4. Analyze the results and present your findings and conclusions through a comprehensive report.
Deadline for submission: Friday, Nov 15, 2024, at 2359
Data Sources
Each team is expected to identify an appropriate data source and gather the data. The project scope will largely be driven by the data you find and use. Some possible datasets and associated real-world applications/problems are linked below, but we encourage you to be creative and look into other data sources as well.
• Toronto Open Data Catalogue: Contains various datasets on everything from ambulance locations to traffic cameras.https://open.toronto.ca/
• HetRec:Hosted by the University of Minnesota, contains several open datasets for recommender engines, such as Delicious, Last.FM, Movielens, and IMDB.
https://grouplens.org/datasets/movielens/
• SQuAD: Stanford Question Answering Dataset, contains parsed Wikipedia articles and crowdsourced questions for trivia bots and personal assistants.
https://rajpurkar.github.io/SQuAD-explorer/
• Million Song Dataset:hosted by Columbia University, contains several open datasets for music information analytics.http://millionsongdataset.com/
• Singapore Open Data Portal: data sets collected by Singapore public agencies have been made available and accessible to the public.https://data.gov.sg
• Search for datasets on GitHub, Kaggle, Reddit /r/opendata, and elsewhere!
• If you have an interesting project idea and are missing some crucial data, you could collect your own (for example with surveys, scraping websites, or manual collection).
Final Report
Your final report is a crucial component of this module. It is an opportunity for you to showcase your understanding, analysis, and interpretation of the ideas and methods discussed in the class. The report should be a comprehensive document that follows a structured format, providing a clear and concise presentation of your work. It should include the following sections: Abstract, Introduction, Data, Methods, Results, Discussion, Conclusion, and References. You can also include an appendix for additional technical details, supplementaty data analysis, references, code, etc.

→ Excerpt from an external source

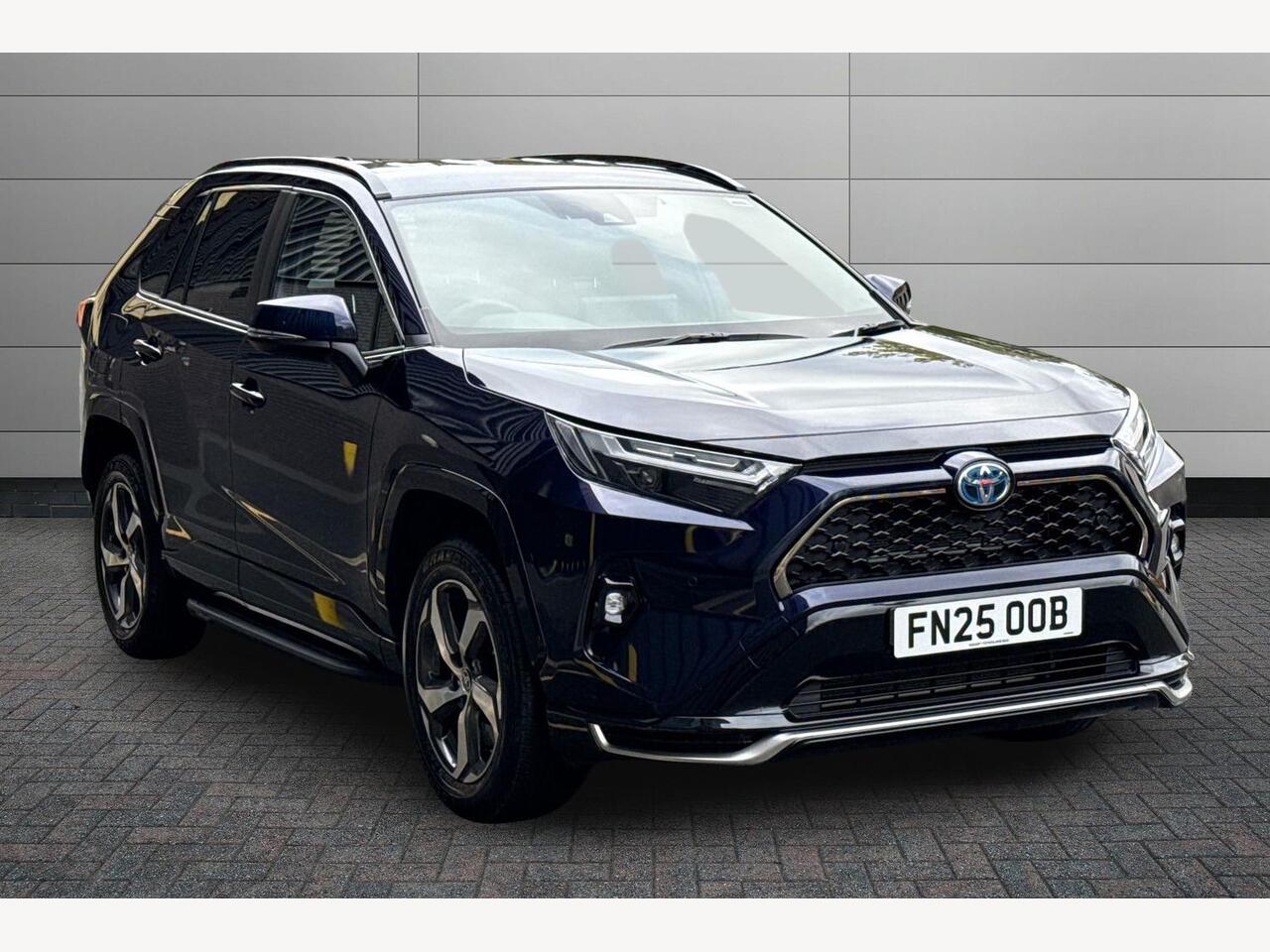 Main listing image - Toyota RAV4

1. Abstract (0.5 page maximum)
The abstract provides a brief summary of the entire project, including the problem statement, data, methods, results, and conclusions. The abstract should be concise but informative, allowing readers to understand the essence of your work.

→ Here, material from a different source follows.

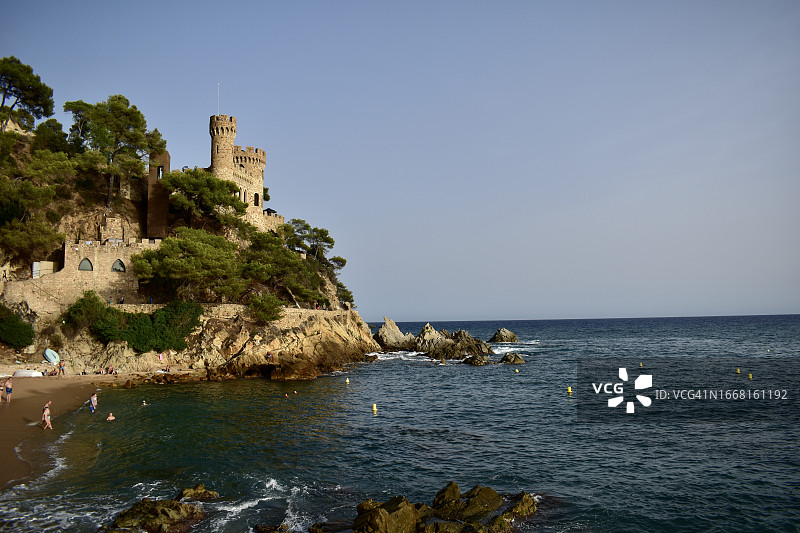 西班牙布拉瓦海岸滨海略雷特德普拉亚城堡图片素材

2. Introduction (1 page maximum)
The introduction should focus on defining the context of your analysis, the problem statement, the objectives of the study, and the data and method used. Clearly define the scope of the project and provide a rationale for why it is important or relevant. End the introduction with a clear thesis statement that outlines what the reader can expect from the rest of the report. The introduction should include the following sections:
• Background and context : Brief background description of the domain of your problem.
• Problem statement: A clear problem statement identifying the question(s) you will answer.

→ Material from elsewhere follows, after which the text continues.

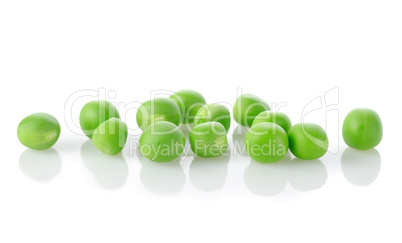 Raw green peas isolated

• Data: A description of the sources and datasets that you plan to use, including key variables.
• Methods: An outline of the predictive analytics methods and models implemented in the study.
3. Data (2 pages maximum)
Detail the data sources used in your analysis. Include information on the type of data, its origin, and any preprocessing steps you performed. Discuss any challenges or considerations related to the data, such as missing values or data quality issues.
4. Methods (3 pages maximum)
Explain the analytical methods and techniques you employed in your project. This should include a description of any statistical or machine learning models, algorithms, or tools used. Provide enough detail for the reader to understand your approach but avoid unnecessary technical jargon.
5. Results (3 pages maximum)
Present your findings in a clear and organized manner. Use visualizations methods such as charts, graphs, or tables to enhance the interpretation of your results. Highlight key trends, patterns, or insights that emerge from your analysis.
6. Discussion (0.5 page maximum)
Interpret the results in the context of your research questions or objectives. Discuss any unexpected findings and compare your results to existing literature or industry benchmarks. Address the limitations of your analysis and propose potential explanations or areas for further investigation.
7. Conclusion (0.5 page maximum)
Summarize the key takeaways from your analysis, and clearly state the answer to your questions. Finally, discuss the implications of your findings for the broader field or problem area.
8. Appendix (No page limit)
For your additional technical details, supplementaty data analysis, references, code, etc. Please make sure that it is well referenced from the main text.
Additional tips
• Use clear and concise language, avoid lengthy or needless descriptions and paragraphs.
• Ensure a logical flow between sections to facilitate the understanding.
• Include relevant codes, algorithms, or technnical details in an appendix if necessary.